Sonoma County heat records fall as Santa Rosa hits 111 degrees, red flag warning issued
The hottest day of a punishing statewide heatwave toppled records in Sonoma County and across California on Sunday, with peak temperatures as high as 114 degrees reported in several local cities, forcing residents to either shelter inside or seek some outdoor refuge even as historic wildfires continued to fill the skies with smoke.
At the Sonoma County Airport just north of Santa Rosa, the official reading hit 111 degrees, the hottest there since record keeping began in the 1990s. An unofficial temperature reading in east Santa Rosa showed a peak of 114 by 4 p.m Sunday.

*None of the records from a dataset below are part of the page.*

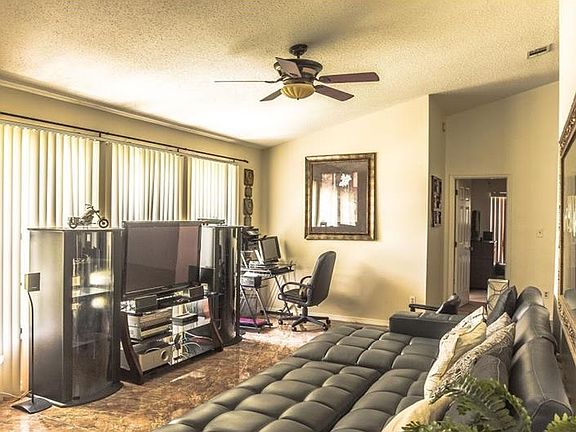 5th image of 411 Everwood Dr
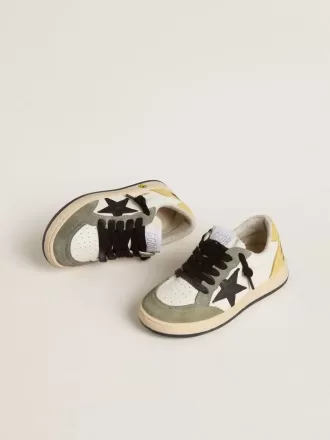 Junior Ball Star in nappa bianca con inserti in pelle scamosciata verde scuro e stella nera Junior Ball Star in nappa bianca con inserti in pelle scamosciata verde scuro e stella nera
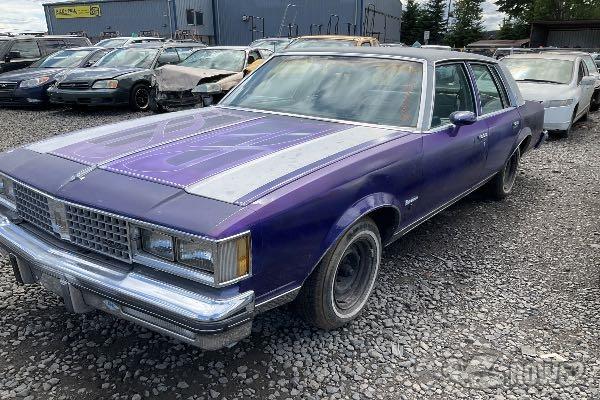 Photo of 1982 Oldsmobile Cutlass Supreme
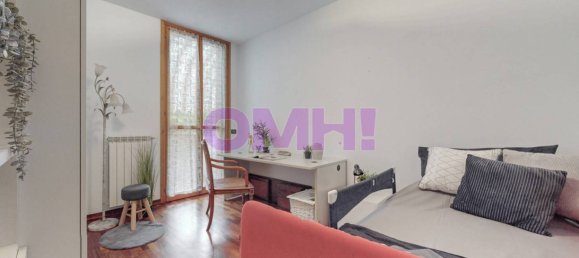 3 bedrooms House in Samarate, Italy No. 323525 24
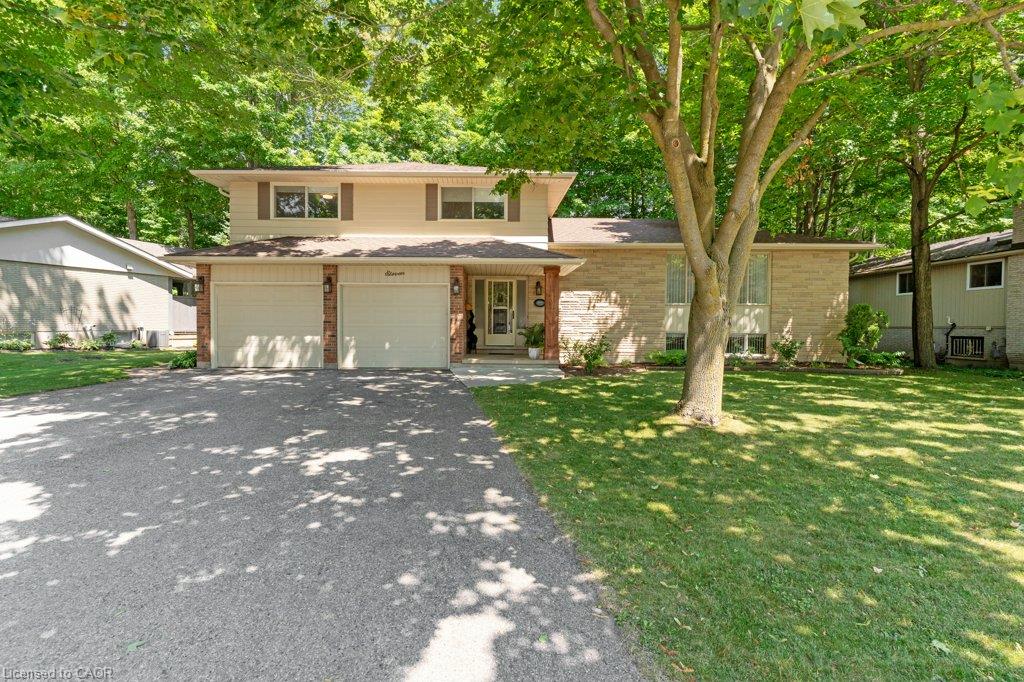 11 Grey Owl Drive Property Photo 1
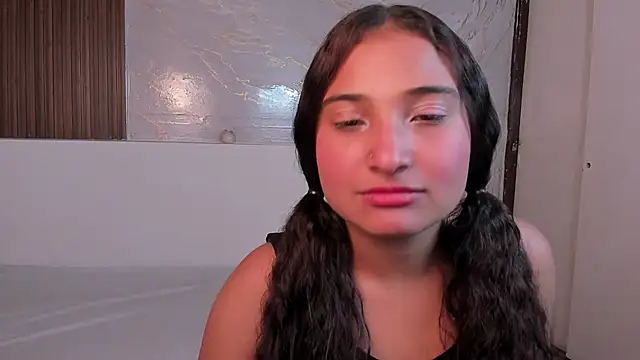 Snapshot of BellaSky4 chatting on October 4, 12:03 pm BellaSky4 online show from October 4, 12:03 pm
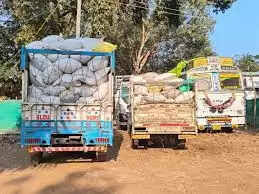 अवैध धान परिवहन एवं भंडारण पर कार्रवाई, कुल 217 कट्टा धान एवं पिकअप वाहन जप्त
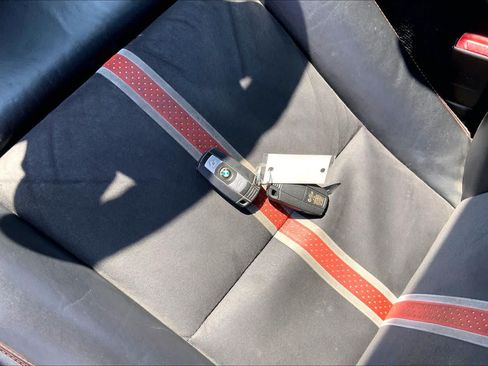 Used 2014 BMW Z4 sDrive35i RWD image 15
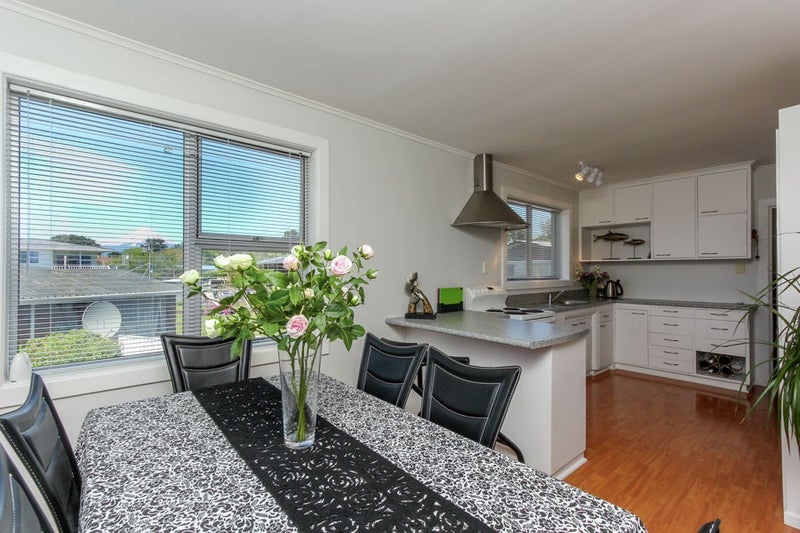 49B Doralto Road, Frankleigh Park, New Plymouth - Carousel 2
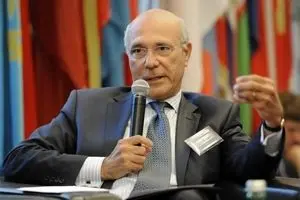 دیدار و گفتگو معاون 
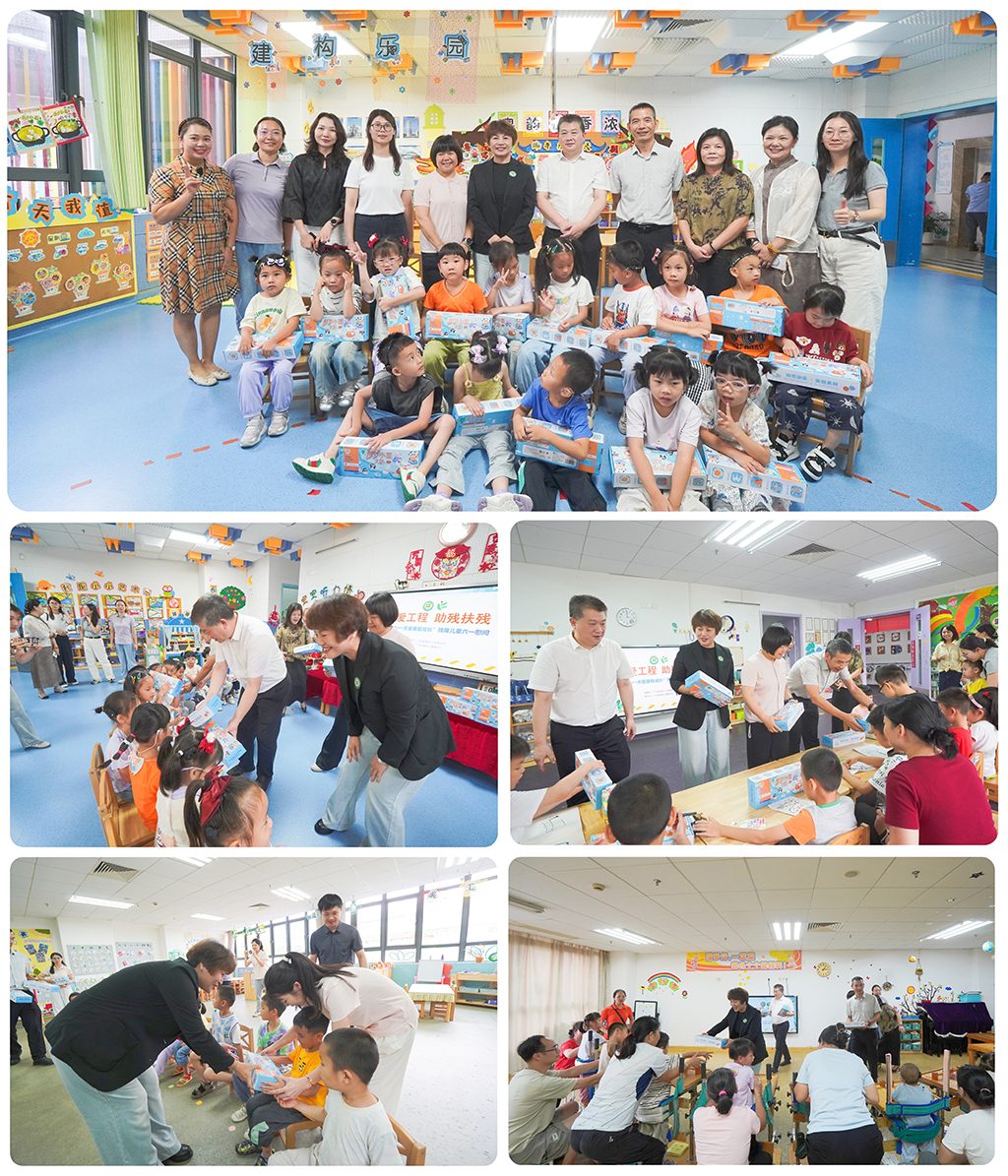 图为发放儿童礼物现场.jpg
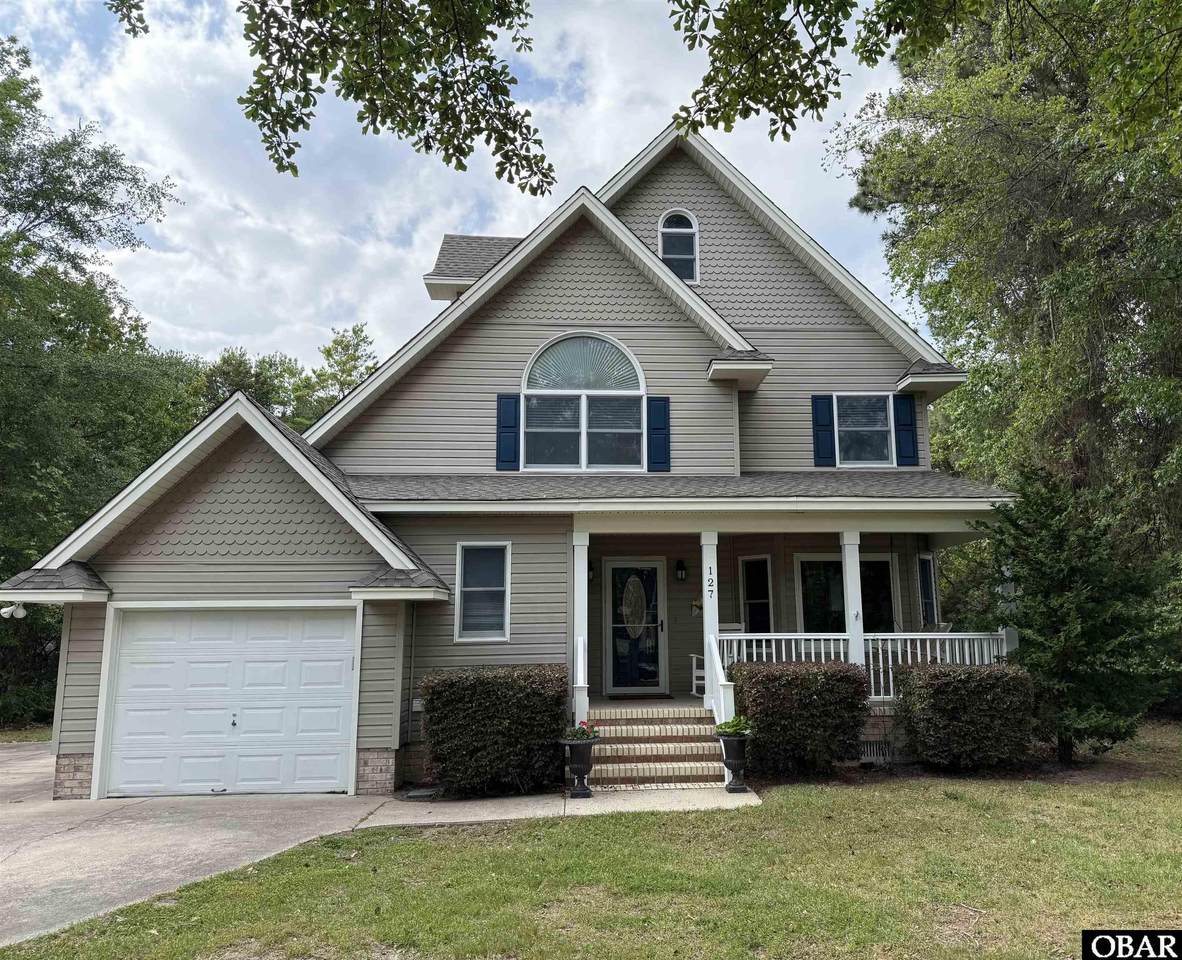 127 Raleigh Wood Drive - Photo 1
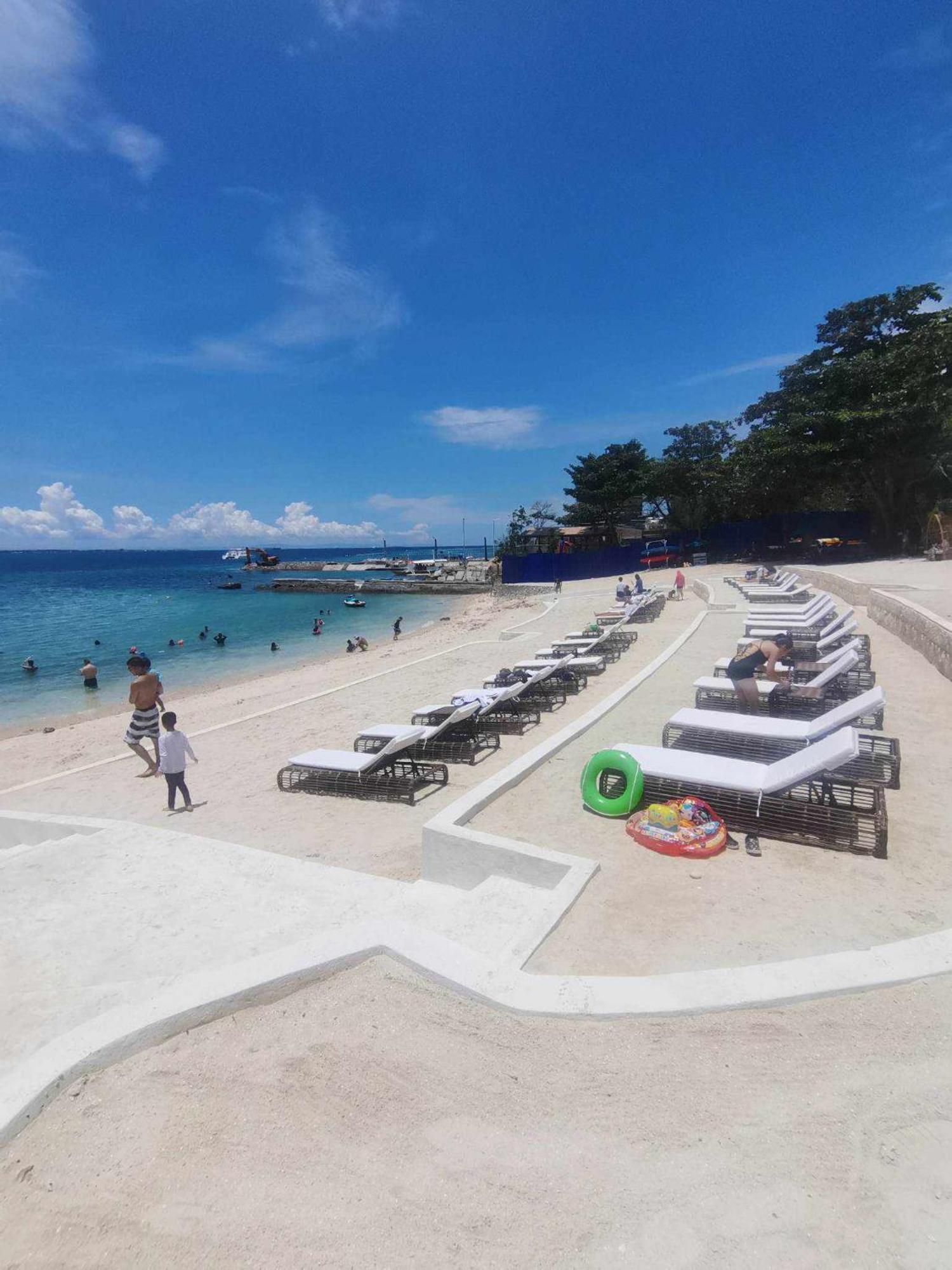 Mactan Newtown By The Apartment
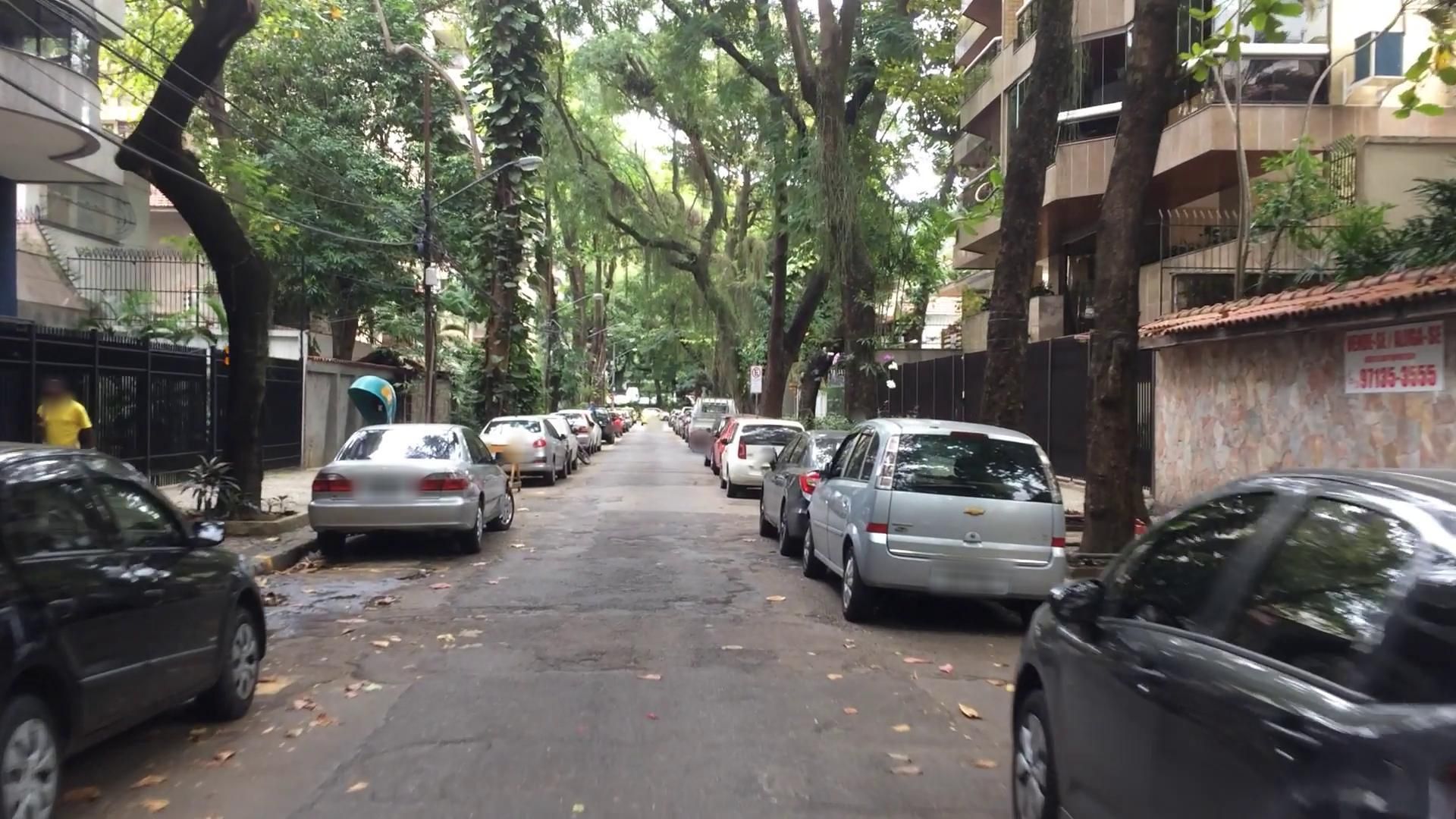 Street-level view near Marquês de Pinedo, Laranjeiras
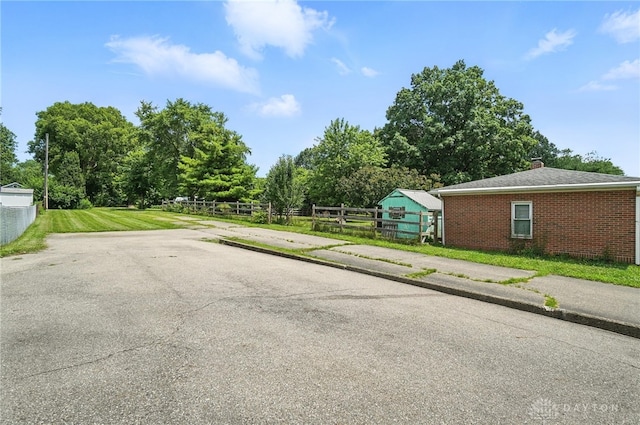 4503 Central Ave, Middletown, OH 45044 - view of street with sidewalks and view of wooded area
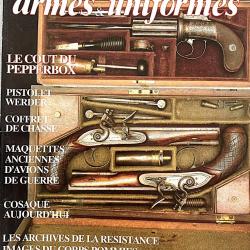 Lot de 8 magazines/ revues "Gazette des armes et uniformes"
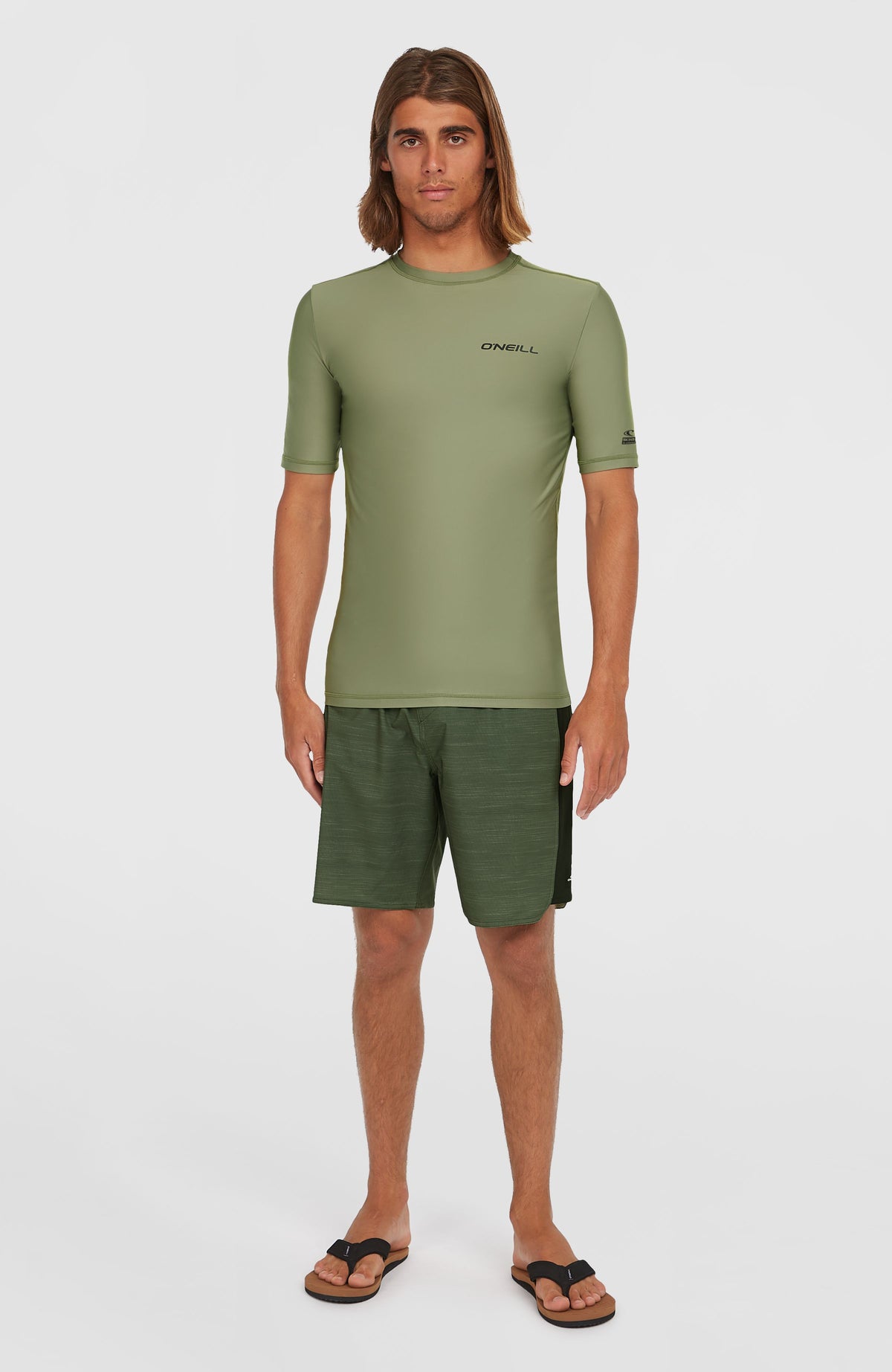 Essentials Shortsleeve-Schwimmshirt für Herren, grün, Ganzansicht am Model von vorne mit kurzen Ärmeln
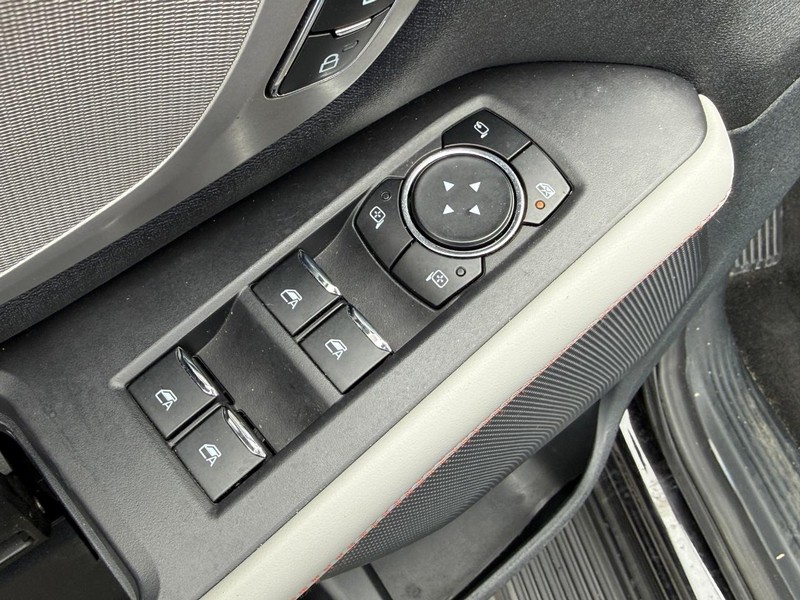 Ford Expedition Max Vehicle Full-screen Gallery Image 19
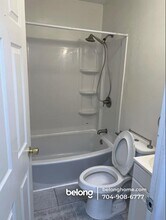 5724 Phillips St in Charlotte, NC - Foto de edificio - Building Photo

In Sonoma, the mercury topped out at 116, also an unofficial high-mark as the National Weather Service doesn’t maintain historic records beyond Santa Rosa.
Healdsburg and Windsor hit 114, Geyserville and Cloverdale both reported 113, and Rohnert Park hit 112.
In downtown Santa Rosa, where the record books cover about a century, there was no official reading available Sunday, for the second straight day.
Though National Weather Service meteorologist Duane Dykema was frustrated by that data gap, he said it wouldn’t be close in Sunday’s searing heat: “I can say with a great deal of confidence that Santa Rosa broke a record today.”
The previous record at the airport was 110 degrees, set Sept. 2, 2017, about a month before the city’s catastrophic firestorm.
Sunday’s scorching temperatures hit amid a three-week run of lighting-sparked wildfires, pervasive smoky conditions across the state and new blazes, including an inferno in the drought-parched Sierra National Forest east of Fresno that forced the nighttime rescue by helicopter of more than 200 people stranded at popular reservoir.
Throughout the day, local residents were put on alert by authorities of increasing fire risk and the possibility of rolling blackouts to stabilize the state’s strained power grid. No blackouts were needed, the grid’s operator announced about 9 p.m.
But before 3 p.m., as temperatures continued to climb into the triple digits, the National Weather Service upgraded its fire weather notice to a red flag warning. The warning, from late Monday to early Wednesday, covers much of Sonoma, Napa, Marin, Lake and Mendocino counties, as well as the Santa Cruz Mountains and East Bay hills. Dry winds of 10-25 mph are expected out of the northeast, with gusts of up to 35 mph, topping out at 50 mph in the highest elevations.
Planned shutoffs to curb wildfire risk were set to impact as many as 103,000 customers in parts of 17 counties, including Sonoma County from the upper Mark West Springs area south in the Mayacamas Mountains to about Oakmont on the eastern outskirts of Santa Rosa.
The red flag conditions are set to be most severe in the North Bay mountains, the weather service said, including east of Rohnert Park atop Sonoma Mountain, in the Mayacamas Mountains above Alexander Valley and in much of the northwestern portion of the Sonoma County, including the Walbridge fire zone.
Existing fires degraded air quality over much of the region on Sunday, though winds drove smoke from the Creek fire in eastern Fresno County and the August Complex in the Mendocino National Forest mostly to the north, said Roger Gass, a meteorologist for the National Weather Service in Monterey.
“In general we’re starting to see a reduction in air quality,” Gass said at mid-day. “With ongoing fires from across the state, there is a possibility for conditions to worsen.”
As the mercury soared to 114 in Healdsburg, residents and tourists alike huddled in shady patches along downtown sidewalks and in the Healdsburg Plaza.
Children made earnest efforts to savor their ice cream cones before the heat had them running onto the pavement.
Santino Valverde, who turns 7 on Monday, and was celebrating in town with his family, said they planned to get seconds.
“Apparently we’re going to have more ice cream after this,” his mother Ana Valverde said with a smile.The Cloverdale family laughed.
Shortly after 2 p.m., Brett Burton called it a day after eight hours working on the roof of his Calistoga Road home in Santa Rosa. Burton, who works in construction, started putting new asphalt shingles on the home last month, just as another heat wave preceded the historic lightning storms that sparked wildfires across the state.
His work started at 6 a.m. Sunday, when it was just below 70 degrees and “near perfect weather.” By 9 a.m. it was sweltering and several hours later it was unbearable.